Two complementary UC Santa Barbara research groups will be awarded a total of $9. 7 million over five years by the National Science Foundation. Led by geographer Michael F. Goodchild and computer scientist Terence R. Smith, the groups will explore methods for weaving social science information into spatially integrated approaches to solving community problems and to compiling personal digital libraries. Both professors are investigators on each others' projects.
The projects "are strongly related," said Goodchild, a professor of geography. His $4.3 million in funding, however, will establish the new Center for Spatially Integrated Social Science (CSISS) as a channel for overcoming fragmentation and specialization in the social sciences. "We want to make it easier to apply social science research to solving community problems," he added.

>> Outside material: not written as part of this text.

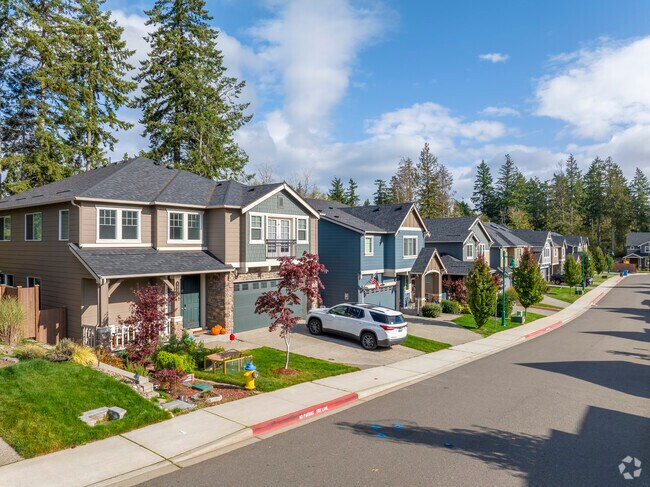 A neighborhood of modern homes in Maplewood.
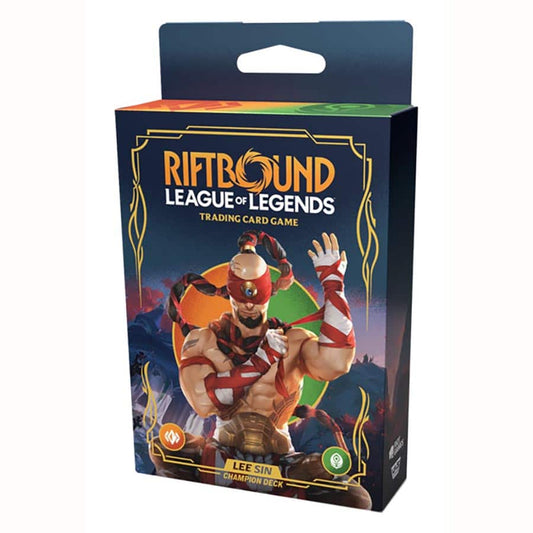 Riftbound TCG: League of Legends Champion Deck - Lee Sin (56 Cards) - Presale Ships 10/31/2025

Smith, a professor of computer science who heads the campus's Alexandria Digital Library (ADL) project, will use his team's $5.4 million to expand its research and development of spatial digital libraries to learn how individuals can create smaller, custom-tailored versions---so-called iscapes, information landscapes assembled through the Internet from digital libraries.
The chief result of Smith's federal support is expected to be a prototype linked to ADL that combines computer models of the Earth's surface with text and data sets. Called ADEPT (the Alexandria Digital Earth Prototype), it will benefit from the CSISS goal of improving organization and identification of social science information based on geographic location.
The UCSB center, which will also work with the University of Illinois at Urbana-Champaign, will emphasize geographic concepts and tools---spatial analysis, geographic information systems, geolibraries---as a means to cross traditional social sciences boundaries, Goodchild explained.
While applications-oriented, the ADEPT and CSISS conceptions are true to their academic roots. "A significant component of our research is to study how ADEPT can be incorporated into undergraduate instruction and to study students' learning processes," said Smith.
CSISS, which will be housed in the National Center for Geographic Information and Analysis in Phelps Hall, will sponsor workshops for graduate students and junior faculty at selected locations around the nation. "We will also be developing new analysis tools and distributing them via the Web to social scientists," said Goodchild.